The Big G may have been working on other SQL-based stuff whilst the Hadoop crowd were beavering away, but does this amount to a head fake or a shoulder drop? No, not in the slightest.

Many considered the old-fangled SQL-based data warehouse to be under immediate threat due to the rise of the ‘new’ MapReduce-based SQL-free computing paradigm. Shiny & new always wins, right?

Sadly, that can be the case. I’ve witnessed ‘big data’ POCs at first hand where the main motivation was to be seen to be ‘doing big data’. I kid you not. Forget the impact on the users and existing toolsets, stop worrying about ROI, this stuff is free  and cool, the vendor is saying all the right things, so it’s definitely the way to go. Woo-hoo!!!

Let’s never forget, there are armies of folks looking to monetise anything that moves in IT. The VCs, start-ups, analysts and conference organisers make their living out of getting mere mortals to believe they have the silver bullet that’s been missing until now.

What worked for Google, Yahoo, Facebook and LinkedIn doesn’t necessarily translate to the mainstream – this doesn’t make it bad tech. Hadoop is a great example. Out in the real world, SQL is the answer for  most analytic applications for  most folks most of the time, plain and simple.

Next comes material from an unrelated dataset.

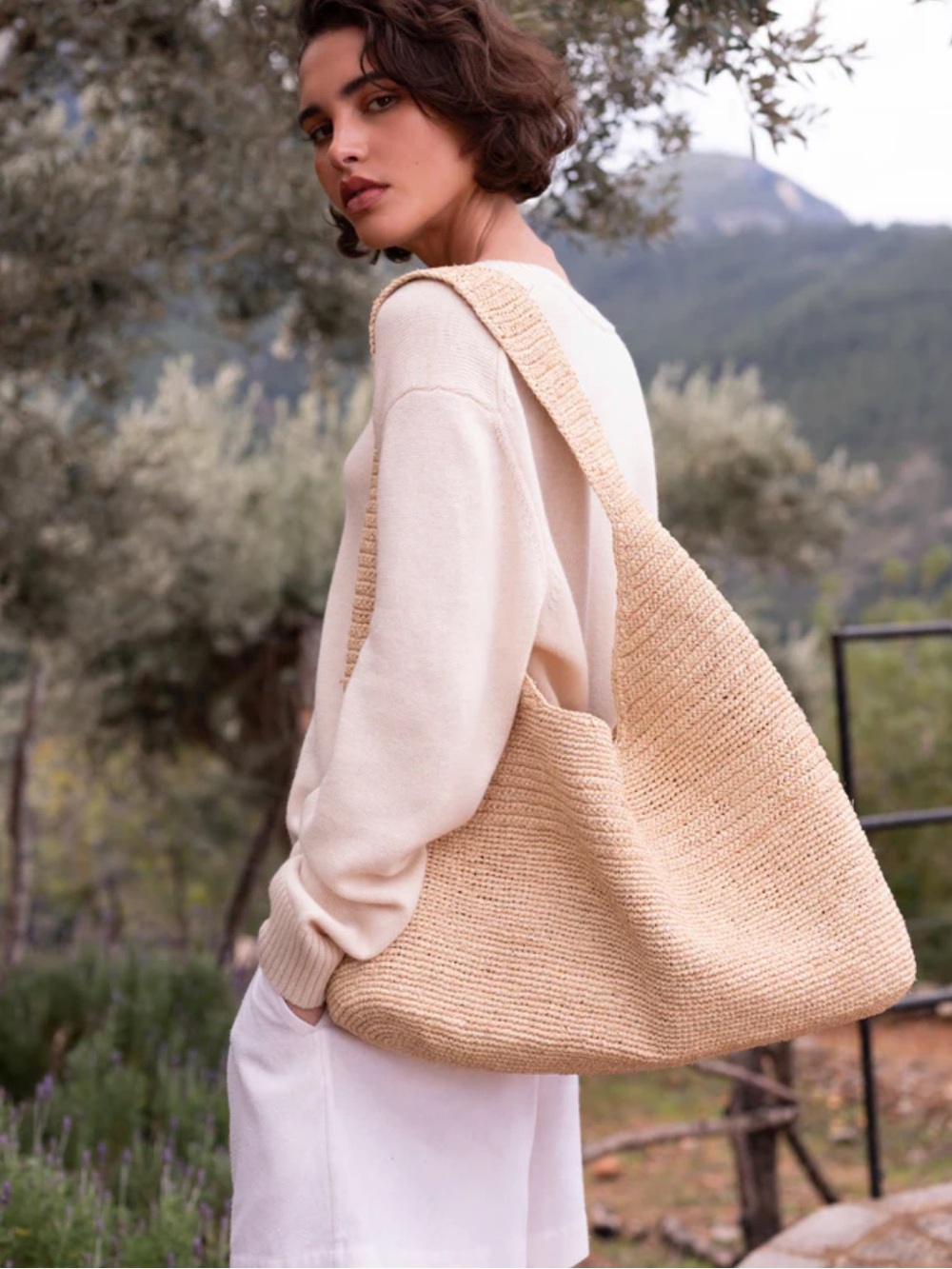 Woven Straw Shoulder Bag in Tan - Picture 4 of 5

If you believed the hype and ‘Hadoop’ didn’t turn out to be your silver bullet, don’t blame the Big G for sharing their thoughts or others for building/promoting ‘shiny & new’. No-one told you to put your finger in the fire, did they?

Why SQL Is Beating noSQL

The article entitled ‘Why SQL is beating NoSQL, and what this means for the future of data‘ really got my attention. The notion that SQL was ‘left for dead‘ and is ‘making a comeback‘ is somewhat at odds with reality, me thinks.

There may have been a belief in certain quarters that the ‘answer’ was no longer SQL, but this has never been reflected out in the real world where regular folks run queries, and lots of them.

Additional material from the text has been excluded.